• Your task
Nothing beyond the line containing "Av ve Av Malzemeleri E-Ticaret Sitesi" should be printed; print each line exactly from the first line of the listing below through it.

• Listed entries

------------------------------

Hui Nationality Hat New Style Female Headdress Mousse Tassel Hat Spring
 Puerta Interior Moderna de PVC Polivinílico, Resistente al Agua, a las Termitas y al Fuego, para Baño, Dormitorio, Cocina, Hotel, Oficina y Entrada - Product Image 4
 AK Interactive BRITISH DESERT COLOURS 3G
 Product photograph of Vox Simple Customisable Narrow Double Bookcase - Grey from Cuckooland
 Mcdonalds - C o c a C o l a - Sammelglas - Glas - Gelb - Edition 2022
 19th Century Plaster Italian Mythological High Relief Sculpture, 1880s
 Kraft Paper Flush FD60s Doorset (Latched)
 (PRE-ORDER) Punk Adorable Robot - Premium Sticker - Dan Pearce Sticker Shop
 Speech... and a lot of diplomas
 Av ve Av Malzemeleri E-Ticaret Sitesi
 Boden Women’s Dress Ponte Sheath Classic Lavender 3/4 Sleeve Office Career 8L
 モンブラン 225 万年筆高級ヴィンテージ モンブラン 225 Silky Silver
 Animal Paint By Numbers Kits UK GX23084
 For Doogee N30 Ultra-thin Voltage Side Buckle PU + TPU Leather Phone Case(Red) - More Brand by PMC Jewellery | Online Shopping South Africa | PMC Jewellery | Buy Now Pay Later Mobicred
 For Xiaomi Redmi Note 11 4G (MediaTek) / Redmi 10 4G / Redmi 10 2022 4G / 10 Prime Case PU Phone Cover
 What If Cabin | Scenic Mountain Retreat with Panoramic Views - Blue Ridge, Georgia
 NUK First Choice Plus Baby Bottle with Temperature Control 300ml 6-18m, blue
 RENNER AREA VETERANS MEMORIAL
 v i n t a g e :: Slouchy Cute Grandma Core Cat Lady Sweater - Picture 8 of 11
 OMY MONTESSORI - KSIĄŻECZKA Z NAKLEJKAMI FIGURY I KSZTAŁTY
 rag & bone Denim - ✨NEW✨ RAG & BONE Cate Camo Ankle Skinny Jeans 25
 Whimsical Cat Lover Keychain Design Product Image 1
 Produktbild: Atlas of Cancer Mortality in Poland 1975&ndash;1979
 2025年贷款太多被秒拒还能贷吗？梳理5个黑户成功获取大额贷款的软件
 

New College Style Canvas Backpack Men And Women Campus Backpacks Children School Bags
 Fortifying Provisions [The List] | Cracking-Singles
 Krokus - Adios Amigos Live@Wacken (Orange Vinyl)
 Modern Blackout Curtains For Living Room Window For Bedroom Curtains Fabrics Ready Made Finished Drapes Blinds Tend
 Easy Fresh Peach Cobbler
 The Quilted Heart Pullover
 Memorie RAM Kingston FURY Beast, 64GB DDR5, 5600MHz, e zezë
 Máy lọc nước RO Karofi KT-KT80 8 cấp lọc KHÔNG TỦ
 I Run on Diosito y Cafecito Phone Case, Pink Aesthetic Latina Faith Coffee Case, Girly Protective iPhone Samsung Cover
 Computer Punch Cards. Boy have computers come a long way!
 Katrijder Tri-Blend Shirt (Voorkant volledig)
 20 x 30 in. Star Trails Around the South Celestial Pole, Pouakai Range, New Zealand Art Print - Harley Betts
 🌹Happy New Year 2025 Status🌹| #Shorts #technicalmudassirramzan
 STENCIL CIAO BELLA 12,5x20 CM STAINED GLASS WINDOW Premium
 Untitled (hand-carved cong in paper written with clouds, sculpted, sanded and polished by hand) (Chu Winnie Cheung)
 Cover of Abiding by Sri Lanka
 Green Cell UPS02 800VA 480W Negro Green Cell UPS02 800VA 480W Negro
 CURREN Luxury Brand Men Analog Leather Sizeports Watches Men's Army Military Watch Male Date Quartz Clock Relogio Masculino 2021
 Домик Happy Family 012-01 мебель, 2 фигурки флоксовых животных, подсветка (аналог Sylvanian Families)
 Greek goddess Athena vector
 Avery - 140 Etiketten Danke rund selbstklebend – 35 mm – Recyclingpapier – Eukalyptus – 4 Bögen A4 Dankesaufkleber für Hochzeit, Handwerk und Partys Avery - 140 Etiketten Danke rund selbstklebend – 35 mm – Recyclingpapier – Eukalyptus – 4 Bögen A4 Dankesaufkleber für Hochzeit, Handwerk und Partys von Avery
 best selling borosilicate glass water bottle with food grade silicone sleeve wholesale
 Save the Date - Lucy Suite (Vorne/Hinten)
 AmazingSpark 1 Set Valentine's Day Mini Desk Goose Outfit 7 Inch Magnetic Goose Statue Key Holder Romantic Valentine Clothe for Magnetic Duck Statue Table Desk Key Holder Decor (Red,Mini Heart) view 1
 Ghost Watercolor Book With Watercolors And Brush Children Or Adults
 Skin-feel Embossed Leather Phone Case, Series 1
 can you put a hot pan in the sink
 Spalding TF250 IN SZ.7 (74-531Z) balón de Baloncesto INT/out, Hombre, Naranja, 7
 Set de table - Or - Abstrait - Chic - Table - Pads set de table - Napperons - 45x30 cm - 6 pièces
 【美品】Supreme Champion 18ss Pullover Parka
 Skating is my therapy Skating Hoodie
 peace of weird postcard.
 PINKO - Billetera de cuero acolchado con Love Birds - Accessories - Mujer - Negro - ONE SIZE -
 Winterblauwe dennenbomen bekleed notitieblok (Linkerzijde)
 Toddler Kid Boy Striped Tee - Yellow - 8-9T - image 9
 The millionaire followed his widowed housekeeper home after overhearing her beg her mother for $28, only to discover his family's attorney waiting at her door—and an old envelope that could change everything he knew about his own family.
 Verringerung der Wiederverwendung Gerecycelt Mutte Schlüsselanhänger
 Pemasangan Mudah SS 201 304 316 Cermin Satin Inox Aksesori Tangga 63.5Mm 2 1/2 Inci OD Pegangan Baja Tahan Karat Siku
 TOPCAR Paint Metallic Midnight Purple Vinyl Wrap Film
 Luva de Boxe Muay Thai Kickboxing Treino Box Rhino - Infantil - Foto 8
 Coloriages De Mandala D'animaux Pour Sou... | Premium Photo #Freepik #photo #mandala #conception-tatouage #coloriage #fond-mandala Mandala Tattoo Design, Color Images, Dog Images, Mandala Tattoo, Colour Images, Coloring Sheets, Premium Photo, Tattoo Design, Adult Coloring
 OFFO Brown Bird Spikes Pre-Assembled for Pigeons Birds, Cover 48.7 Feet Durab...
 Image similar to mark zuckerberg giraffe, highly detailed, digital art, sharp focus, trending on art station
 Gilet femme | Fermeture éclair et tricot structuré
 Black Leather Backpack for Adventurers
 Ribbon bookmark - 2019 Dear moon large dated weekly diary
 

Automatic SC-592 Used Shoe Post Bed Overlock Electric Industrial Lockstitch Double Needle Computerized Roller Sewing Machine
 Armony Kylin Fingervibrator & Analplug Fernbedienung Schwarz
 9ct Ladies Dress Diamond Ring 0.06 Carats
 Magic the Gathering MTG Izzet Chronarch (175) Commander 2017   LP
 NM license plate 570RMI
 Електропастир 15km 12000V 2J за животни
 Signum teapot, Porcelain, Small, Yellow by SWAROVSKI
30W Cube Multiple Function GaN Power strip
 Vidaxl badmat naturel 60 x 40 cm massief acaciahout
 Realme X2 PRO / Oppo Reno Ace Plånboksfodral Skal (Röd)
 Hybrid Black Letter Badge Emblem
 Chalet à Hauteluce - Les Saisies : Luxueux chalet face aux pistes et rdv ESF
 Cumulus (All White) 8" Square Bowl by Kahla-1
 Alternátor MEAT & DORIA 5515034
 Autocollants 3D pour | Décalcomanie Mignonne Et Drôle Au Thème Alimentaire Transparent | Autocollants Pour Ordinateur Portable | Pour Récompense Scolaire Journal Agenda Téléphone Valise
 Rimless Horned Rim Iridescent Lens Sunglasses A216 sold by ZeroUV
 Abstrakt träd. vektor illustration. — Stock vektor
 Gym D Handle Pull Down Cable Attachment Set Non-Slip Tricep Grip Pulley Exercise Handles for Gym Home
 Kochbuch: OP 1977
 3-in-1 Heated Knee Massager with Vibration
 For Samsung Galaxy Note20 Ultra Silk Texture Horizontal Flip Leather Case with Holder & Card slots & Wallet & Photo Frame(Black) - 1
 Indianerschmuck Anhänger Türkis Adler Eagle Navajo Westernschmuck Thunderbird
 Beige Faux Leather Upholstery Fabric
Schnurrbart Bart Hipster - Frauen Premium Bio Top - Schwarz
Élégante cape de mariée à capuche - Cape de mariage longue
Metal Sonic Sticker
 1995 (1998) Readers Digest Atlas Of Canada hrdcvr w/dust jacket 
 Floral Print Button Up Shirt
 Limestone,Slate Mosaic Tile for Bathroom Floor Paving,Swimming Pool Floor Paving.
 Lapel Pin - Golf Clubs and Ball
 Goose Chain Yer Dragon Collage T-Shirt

------------------------------

• Task answer
Hui Nationality Hat New Style Female Headdress Mousse Tassel Hat Spring
 Puerta Interior Moderna de PVC Polivinílico, Resistente al Agua, a las Termitas y al Fuego, para Baño, Dormitorio, Cocina, Hotel, Oficina y Entrada - Product Image 4
 AK Interactive BRITISH DESERT COLOURS 3G
 Product photograph of Vox Simple Customisable Narrow Double Bookcase - Grey from Cuckooland
 Mcdonalds - C o c a C o l a - Sammelglas - Glas - Gelb - Edition 2022
 19th Century Plaster Italian Mythological High Relief Sculpture, 1880s
 Kraft Paper Flush FD60s Doorset (Latched)
 (PRE-ORDER) Punk Adorable Robot - Premium Sticker - Dan Pearce Sticker Shop
 Speech... and a lot of diplomas
 Av ve Av Malzemeleri E-Ticaret Sitesi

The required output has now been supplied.